Obviously, a lot of great things come out of there being this location data. If you want to go to the nearest Pizza Hut or bowling alley or whatever, you need to do that, and you are going to say, “Yes, take my location.” But there also have been abuses, and one of the worst abuses was from one of the first pieces of testimony that I got when I first did hearings, which was from the Minnesota Coalition for Battered Women. It was about a woman in Northern Minnesota in an abusive relationship who went to a county building where there was a domestic-violence center. The counselors there took her to a county courthouse to file a restraining order against the guy. Within a few minutes, he texted her and asked why she was in the courthouse.
This cyber-stalking has being going on for a long time, but the last statistics DOJ had on this were, I believe, from 2006, and it was 25,000 cases. Think of what the explosion has been since then in the use of smartphones. We have had hearings with law-enforcement and domestic-violence groups and this is very, very prevalent. Part of what I am trying to do with my location bill is making the marketing and selling of these [stalking apps] illegal.
MCN: What made you decide to get into politics and do you see it as a natural progression from your taking aim at the right wing, both on Air America and through your books, to actually being able to do something about it through the process?
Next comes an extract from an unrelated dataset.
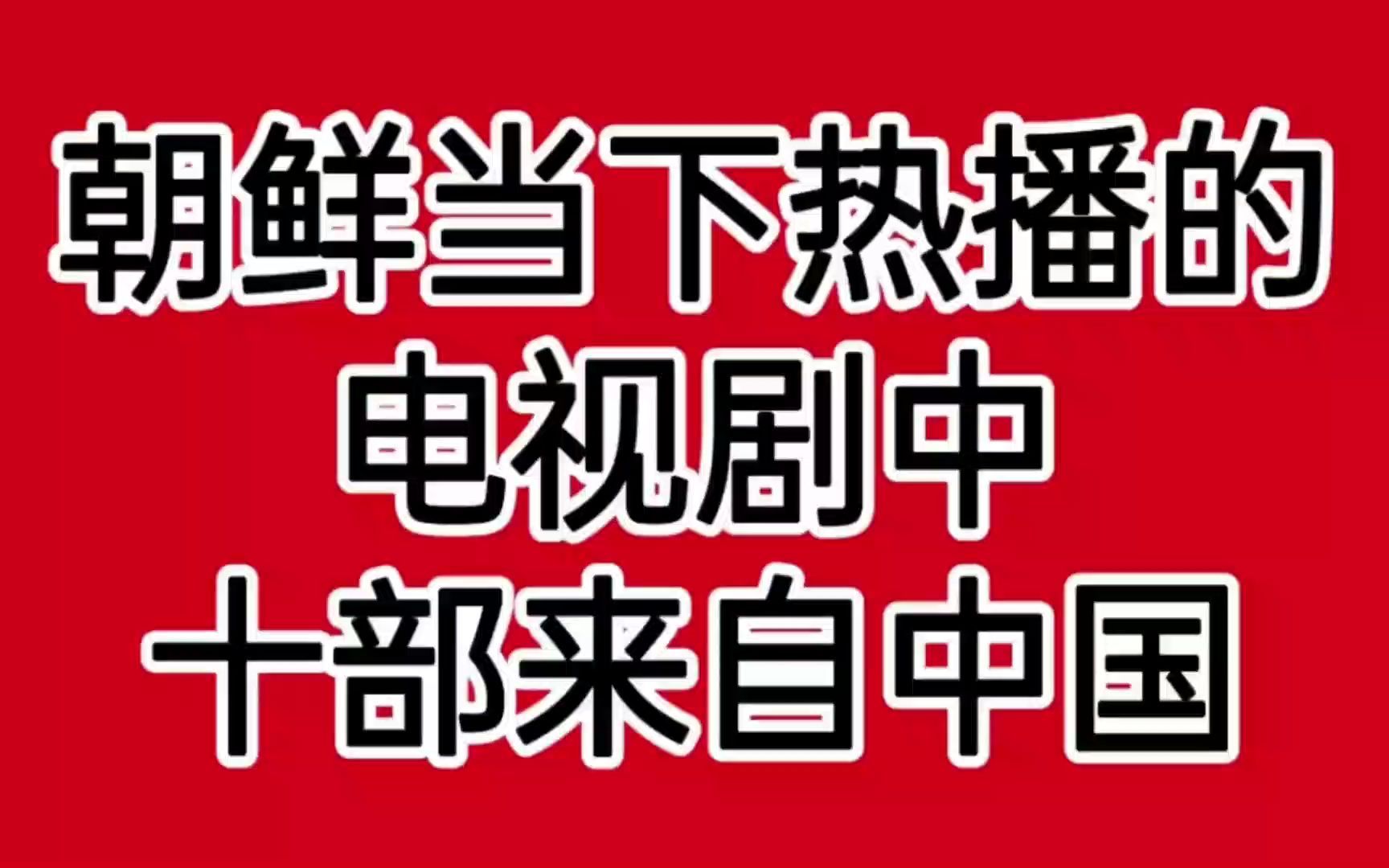 [图]0_4_朝鲜当下热播的电视剧，有十部来自中国！你看过哪几部？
AF: Well, yeah. I had been very conscious of public policy throughout my entire life. Ever since I was 11 or 12 years old, during the civil rights movement, I got kind of involved and interested in public policy. My dad was a Republican, but during the civil-rights debate he became a Democrat because of the 1964 Civil Rights Bill. Sen. [Barry] Goldwater [then the Republican candidate for president] had voted against it, and my dad said, “That’s it.”
That was very informative to me. This is something I have always been interested in. When I started doing comedy in high school with Tom Davis, I started doing political satire. When we got to Saturday Night Live, we were doing a lot of the political satire with Jim Downey, who is conservative, but a very, very thoughtful conservative. We felt the job of the show was to be insightful in our satire, but not to be liberal or conservative.
I think we did a really good job of that, and I am very proud of the work I did with a lot of my other writers there. But when I left the show in 1995 finally, I saw what the Gingrich revolution was, and I wrote the book about Rush Limbaugh [Rush Limbaugh Is a Big Fat Idiot and Other Observations]. That was my sort of saying, “OK, now I’m not writing for a bunch of other people, I’m writing for me.” I think your take is exactly right that it was a natural progression [to politics].
The tragedy of Paul and Sheila and Martha and others all dying in that plane crash was also part of the road there. [Paul Wellstone, former Democratic senator from Minnesota, was killed in a plane crash in 2002 along with his wife, Sheila, and daughter, Martha.]
MCN: Do you consciously downplay your funny side so you will be taken more seriously, or are you just a Harvard government major who got sidetracked by comedy?
AF: People have written a lot about this and I think it is overplayed. I think my staff will say I’m funny around the office and my colleagues will say I’m funny. But I’m also very serious, and I think you can be funny and serious at the same time.